The aim of the Precision Medicine (PM) is to better characterize clinical and biological heterogeneity in order to improve understanding, prognosis, prediction, tailoring of treatment and healthcare decisions. We address the analytical challenges around precision medicine and precision health arising from important clinical and healthcare questions. We collaborate in many areas of healthcare, including arthritis, cancer, cardiovascular disease, blood donation and transfusion, multi-morbidity, and neurodegeneration.

Uncovering Structure

We develop and apply statistical and machine learning methods to multi-modal and longitudinal endotypic and phenotypic individual-level data, in addition to environmental and lifestyle risk factors, for subgroup and latent structure identification. Specific areas of focus include clustering, machine-learning techniques for high-dimensional biomarkers, integration of different data types, Bayesian dynamic latent variable processes, modelling within-individual variability in longitudinal biomarkers and mechanistic models of blood cell biology.
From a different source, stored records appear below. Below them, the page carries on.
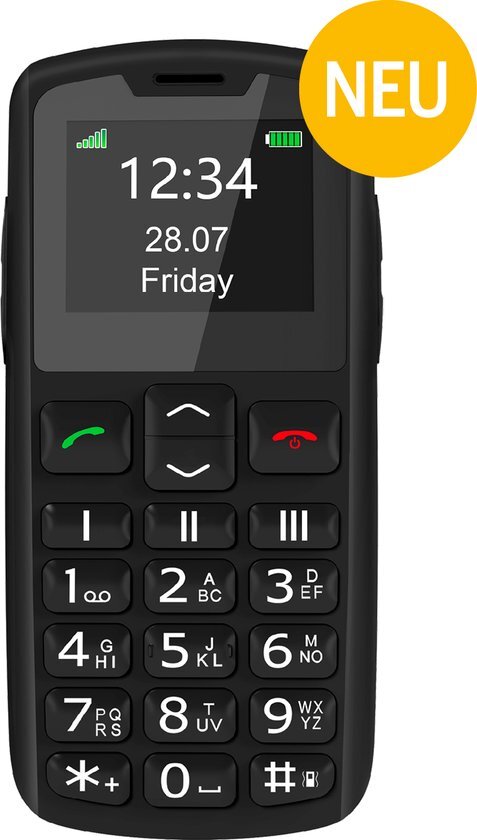 Bea-fon SL230 - Seniorentelefoon - Zwart - 4G - Micro SIM - Noodknop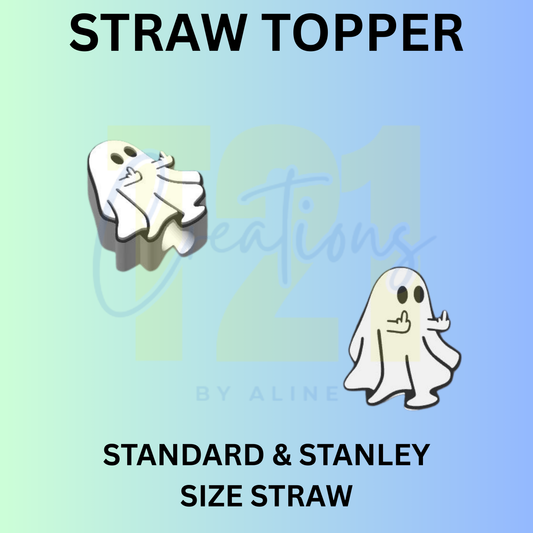 SASSY GHOST STRAW TOPPER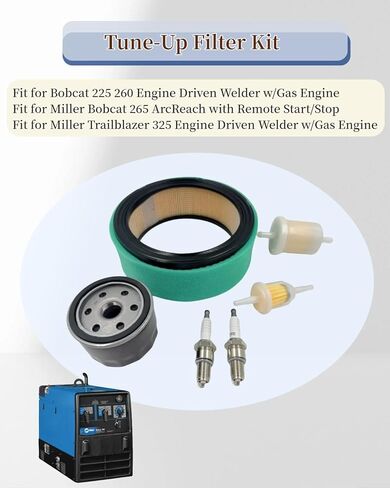 230015 Tune-Up Filter Kit Fit for Miller Bobcat 225 260 Gas Engine Trailblazer 325 Engine Driven Welder in Saudi Arabia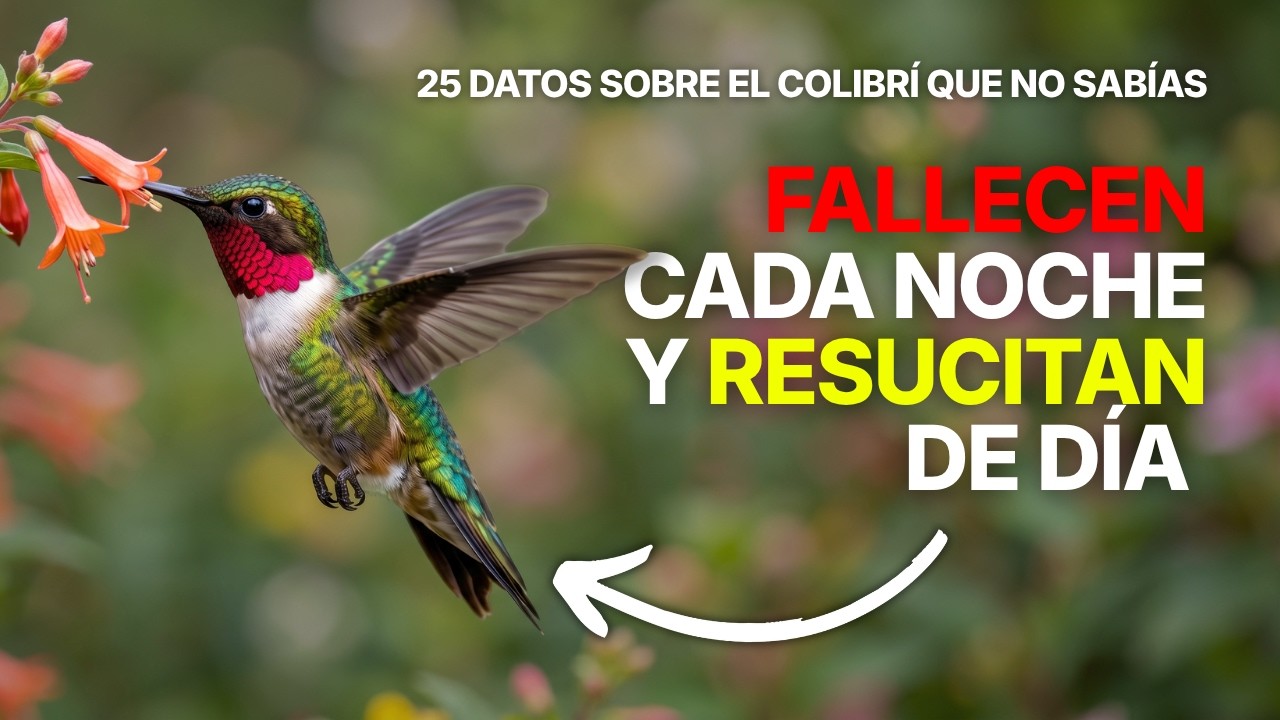 25 Datos Fascinantes Sobre el Colibr&iacute; que No Sab&iacute;as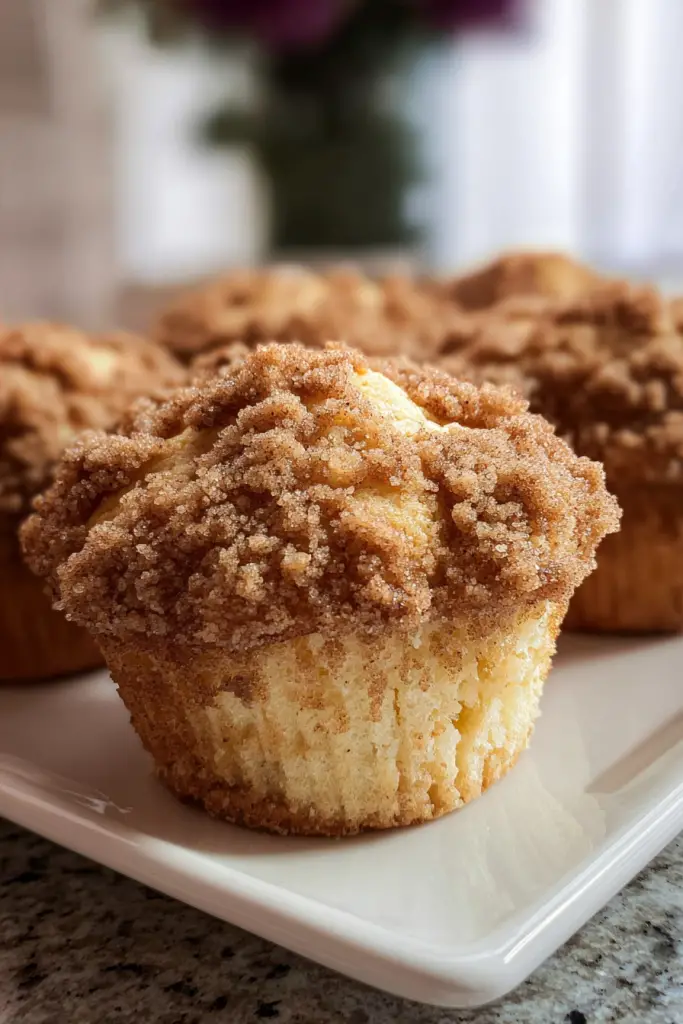 apple cinnamon streusel muffins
Personalized risk and prognostic modelling

We develop personalized multi-modal approaches/tools for timely identification of risk, prognosis and trajectories. Statistical methodology based on multi-state models, dynamic prediction, longitudinal and joint modelling, machine learning (e.g. deep learning) and risk stratification are pursued. Specific areas of interest are quantification of risk uncertainty, scalability, informative observation in electronic health records, multi-state modelling, transportability, interface of statistical/machine learning approaches and Bayesian formulation of landmark approaches.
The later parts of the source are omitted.